To reduce register pressure, I moved some frequently accessed data into shared memory. When I disabled compiler optimizations, it significantly reduced register usage and also greatly improved efficiency.
set(CMAKE_CUDA_FLAGS “${CMAKE_CUDA_FLAGS} O0 -g -G -keep”)
However, when I use the default compilation options, the register usage is even higher than before I used shared memory. I don’t fully understand why this is happening, but the performance is definitely better than when compiler optimizations were disabled.
In general, the CUDA compiler makes excellent trade-offs between performance and register usage. This means that attempts to squeeze register usage down are likely to highly likely to result in decreased performance, and this often applies even if higher occupancy is achieved.
This means that one needs to inspect the full code to come up with ideas that are even worth trying. Whatever you try, all performance assessments should always use release builds with full optimization. When it comes to performance, there is no useful information to be gleaned from debug builds.
Are you saying that your debug build actually runs faster than the release build of the exact same code? I would consider that near impossible; I certainly have never run across such a case.
When you say, register pressure has increased, do you mean, that it more likely uses local memory?
As you have an involved calculation, try to find out from SASS code, what values are stored in the registers and whether they make sense to be kept there.
The usual method to do that is either by using __launch_bounds__ or by using the -maxrregcount compile switch. Both of these are documented and also have numerous forum questions discussing them, so I won’t provide further discussion here.
As already indicated, casual usage of these methods is not likely to increase the performance of your code. On the contrary, their usage is more typically (in my experience) associated with reduced performance.
That’s typical, in any scenario. Trying to do serious coding analysis or code optimization analysis in my experience has little or no intersection with the use of -G. I don’t recommend it. It’s unlikely to give you meaningful guidance.

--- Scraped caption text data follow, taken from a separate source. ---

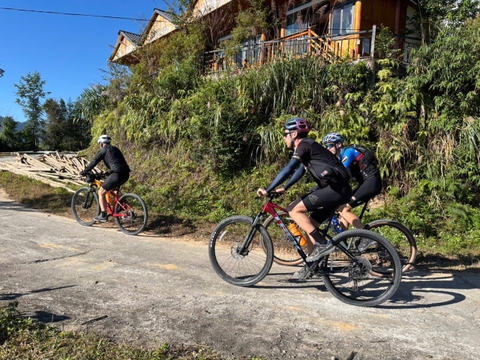5 DAY HA GIANG LOOP BICYCLE TOURS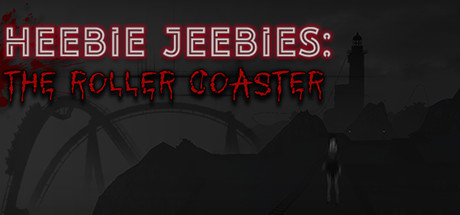 Heebie Jeebies: The Roller Coaster Cover Image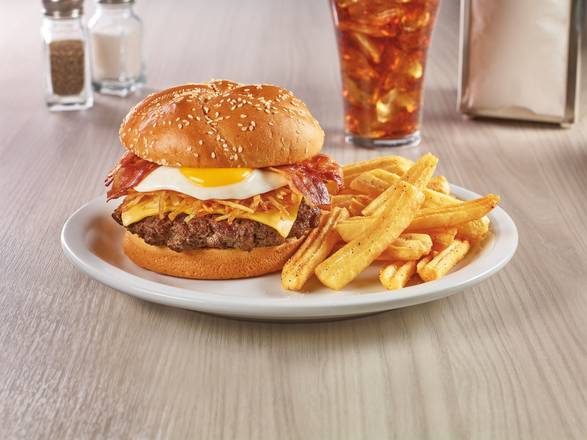 Slamburger (1200-1710 Cals)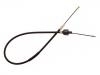 离合拉线 Clutch Cable:6 124 274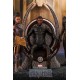 Black Panther Accessories Collection Series 1/6 Wakanda Throne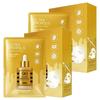 Jaminkyeong Ultra Propolis Ampoule Mask 200g, 10 Pcs, 2 Pcs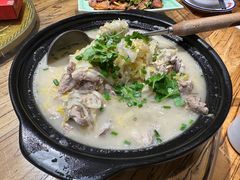 -關東雪东北菜(中庚漫游城店)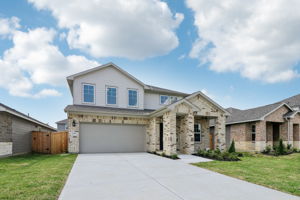 Houston- Sundance Ranch- 2619 Colorado Crk Dr Crosby, TX, 77532 -002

There might have been a misunderstanding in my previous expression. The original code didn’t use shared memory, but compiler optimizations were enabled. After I made changes to use shared memory and disabled compiler optimizations, there was a significant performance improvement. In fact, if I enable compiler optimizations again after these changes, the performance will improve even further.
下面Nsight Compute给出的数据。
Compute(SM):7%
Memory:50%
This is the data obtained with compiler optimizations enabled.
My code is not fully utilizing the GPU’s capabilities; in fact, it can be considered quite inefficient.

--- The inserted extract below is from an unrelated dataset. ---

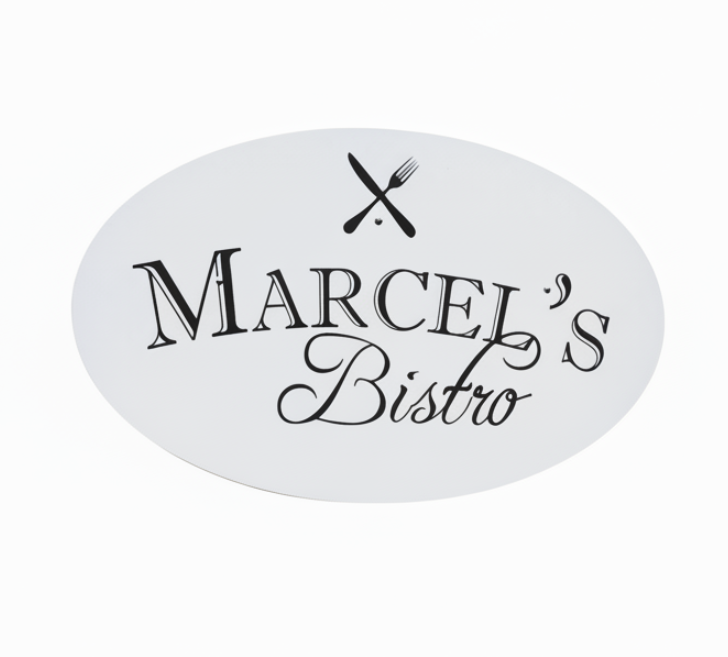 Marcel's Bistro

Here are the recommendations provided by Nsight:
On average, each warp of this kernel spends 92.7 cycles being stalled waiting for a scoreboard dependency on a L1TEX (local, global, surface, texture) operation. Find the instruction producing the data being waited upon to identify the culprit. To reduce the number of cycles waiting on L1TEX data accesses verify the memory access patterns are optimal for the target architecture, attempt to increase cache hit rates by increasing data locality (coalescing), or by changing the cache configuration. Consider moving frequently used data to shared memory. This stall type represents about 90.4% of the total average of 102.5 cycles between issuing two instructions.
I believe the issue lies in the excessive use of registers, which has led to an Achieved Occupancy of only 41%. Given the GPU’s register count, each thread should ideally use 32 registers to achieve 100% SM utilization. However, currently, each thread is using 72 registers.

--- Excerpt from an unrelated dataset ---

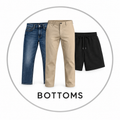 Bottoms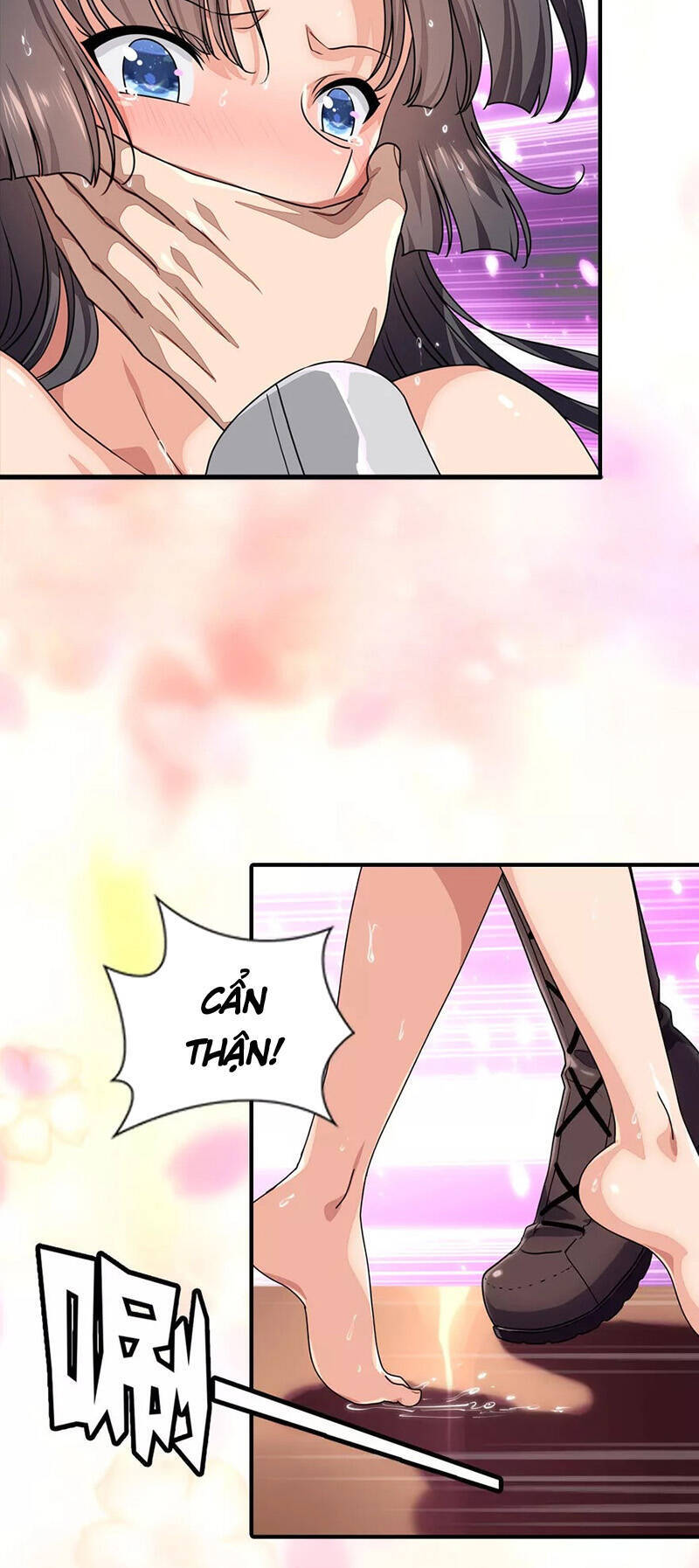 Bạn Gái Zombie Của Tôi Chapter 214 - 12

I have tried using the -maxrregcount option to limit the register usage. From the generated assembly instructions, it appears that the excess registers (beyond 32) are being placed in local memory. These data were originally in shared memory, and I believe local memory is not as efficient as shared memory. I don’t quite understand why the compiler is doing this. The result is not good at all—quite the opposite.
Another issue is related to the size of Waves Per SM. Is a larger value better or smaller?
From the data I’ve gathered, it seems that a larger value is better. When I split the loops in my code so that each thread performs only one operation, the efficiency is highest. However, this results in a significantly larger total number of threads.
But my experience tells me that thread switching incurs overhead. The optimal approach should be to use just enough threads to fully utilize the hardware resources, and then have each thread perform as many iterations as possible. However, in practice, this approach does not achieve better efficiency than the first one, which is quite puzzling to me.
Thank you for your reply. I have tried using -maxrregcount to limit the register usage, but the results were not good because the overflowed registers are placed in local memory.
I have provided a detailed description of my issue in another reply.
Your slow performance was neither because of register pressure nor occupancy nor missing optimization settings, but because you use dynamic indices to access arrays.
With dynamic I mean ones, which are not easily known and constant between all threads at compile-time or even dependent on loop iterators.
This prevents the arrays from being stored in registers and local memory (which is situated in global memory) has to be used.
Shared memory is another memory type, which can use dynamic indices, but I would believe that your accesses are still quite ineffective due to bank conflicts and probably you have quite a lot of shared memory accesses, so it could still (with preventing bank conflicts) be the bottleneck at the end.